Those are the "printers" that print them. Honestly... you'll be looking at tens of thousands of dollars to own one of those.


----------



## Laquer Head

farmerjohn1324 said:


> *They are "We Buy Houses" signs.*



I'll be straight up, if I saw a ghetto-ass, taped topgether, sign claiming 'we sell houses' blowing in the wind, all tattered...there is no way in hell I'm calling to do business with you.


----------



## farmerjohn1324

Laquer Head said:


> I'll be straight up, if I saw a ghetto-ass, taped topgether, sign claiming 'we sell houses' blowing in the wind, all tattered...there is no way in hell I'm calling to do business with you.



Which is why I would need a printer so they don't look ghetto.

But I suppose I can just use the generic ones.

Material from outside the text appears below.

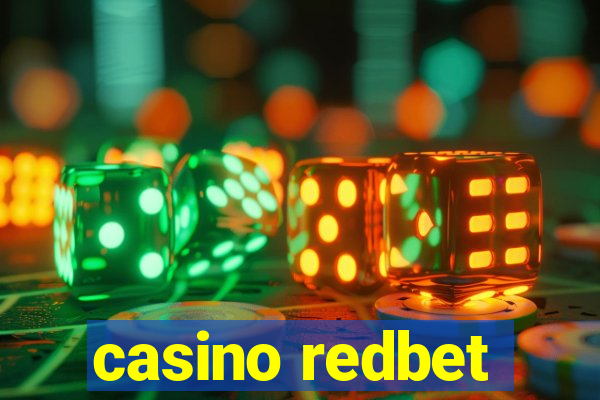 casino redbet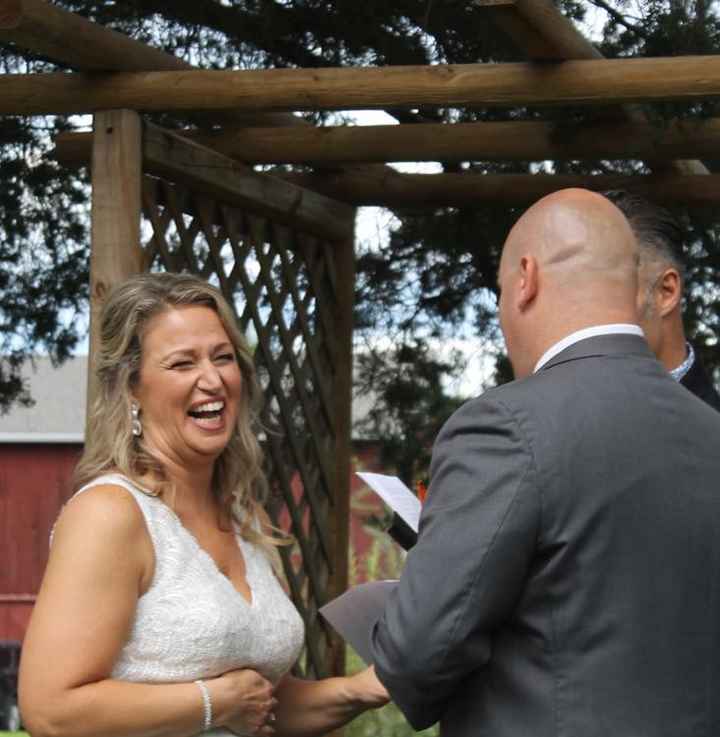 Non-pro bam - very pic heavy - 15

I was just trying to get a leg up on the competition and be a little different.


----------



## mistersprinkles

Dude. You want to make lawn signs out of printer paper? What happens if it rains? What happens if there is high wind? Seriously dude... It would look so unprofessional it's not even funny.
You need to get this kind of thing done professionally. You know those cardboard signs that say things like "We buy houses" "Windshield repair" "Roof repair" that people put up at busy intersections? Would you ever call one of those numbers? No, right? And nobody will call/vote for you/etc either.

Pay the cost to be the boss bro.

If you're hellbent on doing this wrong, there was a program called rasterbate that was out a few years ago that let you print across numerous pieces of paper but IDK what happened to it.


----------



## Geoff

mistersprinkles said:


> Dude. You want to make lawn signs out of printer paper? What happens if it rains? What happens if there is high wind? Seriously dude... It would look so unprofessional it's not even funny.
> You need to get this kind of thing done professionally. You know those cardboard signs that say things like "We buy houses" "Windshield repair" "Roof repair" that people put up at busy intersections? Would you ever call one of those numbers? No, right? And nobody will call/vote for you/etc either.
> 
> Pay the cost to be the boss bro.
> 
> If you're hellbent on doing this wrong, there was a program called rasterbate that was out a few years ago that let you print across numerous pieces of paper but IDK what happened to it.


This is a month old thread.


----------



## mistersprinkles

Oh.


----------



## Geoff

mistersprinkles said:


> Oh.


I'm sure he already has hundreds of his homemade signs out there, so it's irrelevant now


----------



## Laquer Head

Geoff said:


> I'm sure he already has hundreds of his homemade signs out there, so it's irrelevant now



Now when you say hundreds..are we talking each meshed together sign or each piece of paper taped together, per sign.. It makes a difference here cause the numbers could be way off.


----------